§ Working data

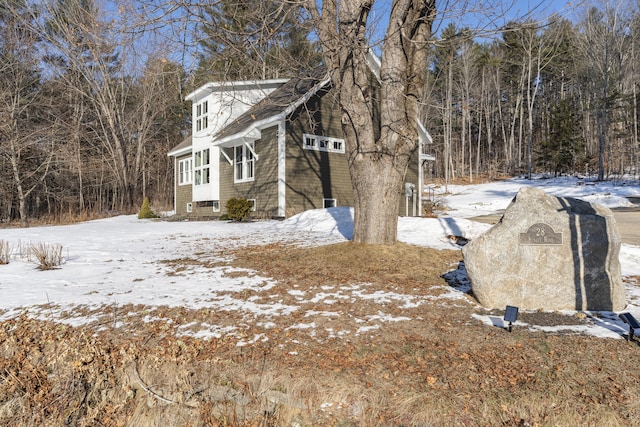 view of snow covered property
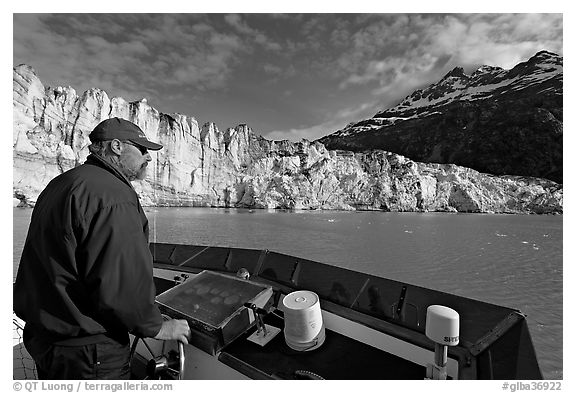 Captain guiding boat near Lamplugh glacier. Glacier Bay National Park (black and white)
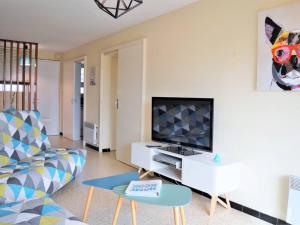 uma sala de estar com um sofá e uma televisão em Appartement Le Lavandou, 2 pièces, 4 personnes - FR-1-251-295 em Le Lavandou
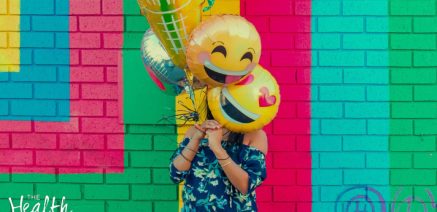 Woman with Happy Balloons
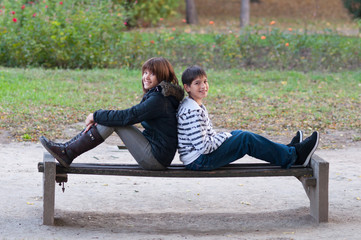 Wall Mural - Teenage boy and girl having fun in the park on beautiful autumn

§ Problem to work on
Transcribe all the material exactly; skip every image.

§ Exercise answer
 view of snow covered property
 Captain guiding boat near Lamplugh glacier. Glacier Bay National Park (black and white)
 uma sala de estar com um sofá e uma televisão em Appartement Le Lavandou, 2 pièces, 4 personnes - FR-1-251-295 em Le Lavandou
 Woman with Happy Balloons
 Wall Mural - Teenage boy and girl having fun in the park on beautiful autumn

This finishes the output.